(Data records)
Segment Open
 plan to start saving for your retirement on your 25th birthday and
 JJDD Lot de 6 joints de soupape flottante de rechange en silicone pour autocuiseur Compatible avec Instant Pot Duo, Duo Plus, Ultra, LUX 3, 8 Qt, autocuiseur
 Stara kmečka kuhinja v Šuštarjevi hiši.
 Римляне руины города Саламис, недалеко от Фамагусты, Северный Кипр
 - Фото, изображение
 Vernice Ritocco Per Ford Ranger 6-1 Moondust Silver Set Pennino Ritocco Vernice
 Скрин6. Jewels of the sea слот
Segment Closed
Segment Open
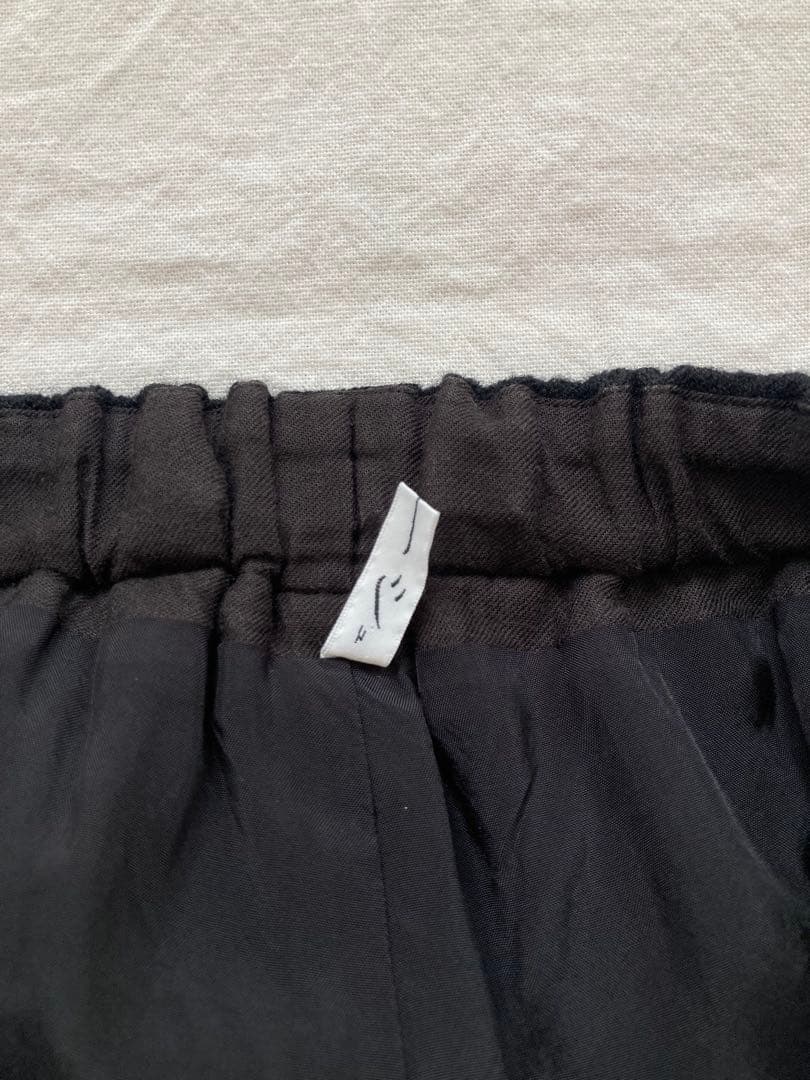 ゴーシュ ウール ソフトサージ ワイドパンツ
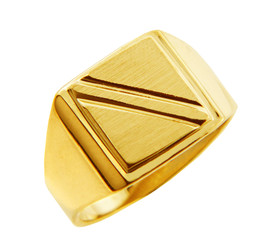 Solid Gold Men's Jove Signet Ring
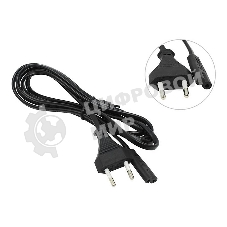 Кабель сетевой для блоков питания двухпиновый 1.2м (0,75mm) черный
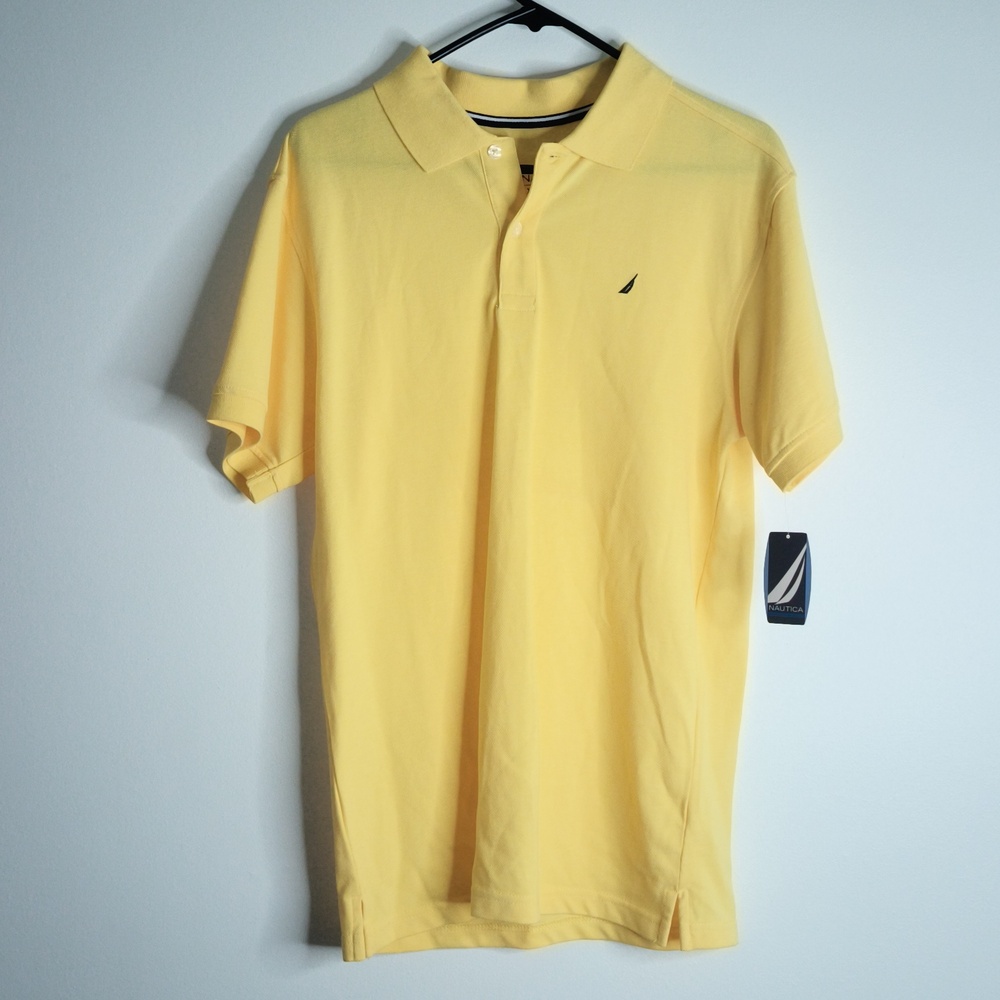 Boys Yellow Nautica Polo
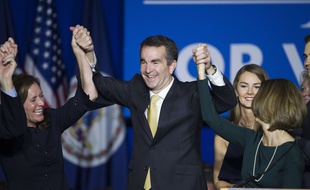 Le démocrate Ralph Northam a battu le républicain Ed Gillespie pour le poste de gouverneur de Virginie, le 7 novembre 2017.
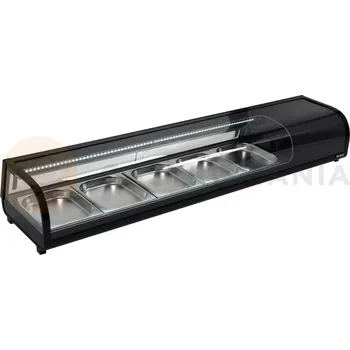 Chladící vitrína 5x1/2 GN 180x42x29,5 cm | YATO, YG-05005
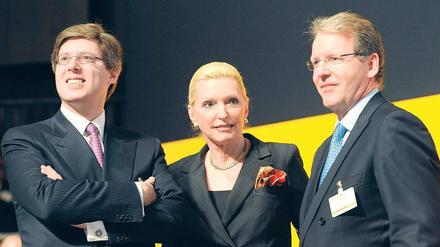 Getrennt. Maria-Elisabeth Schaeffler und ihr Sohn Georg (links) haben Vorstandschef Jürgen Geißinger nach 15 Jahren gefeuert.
Segment Closed
### WORK ORDER
Starting with the line that holds "- Фото, изображение" and ending with the line that holds "Скрин6. Jewels of the sea слот", retype every line in the data above exactly, and nothing else.

### RESULT OF THIS EXERCISE
 - Фото, изображение
 Vernice Ritocco Per Ford Ranger 6-1 Moondust Silver Set Pennino Ritocco Vernice
 Скрин6. Jewels of the sea слот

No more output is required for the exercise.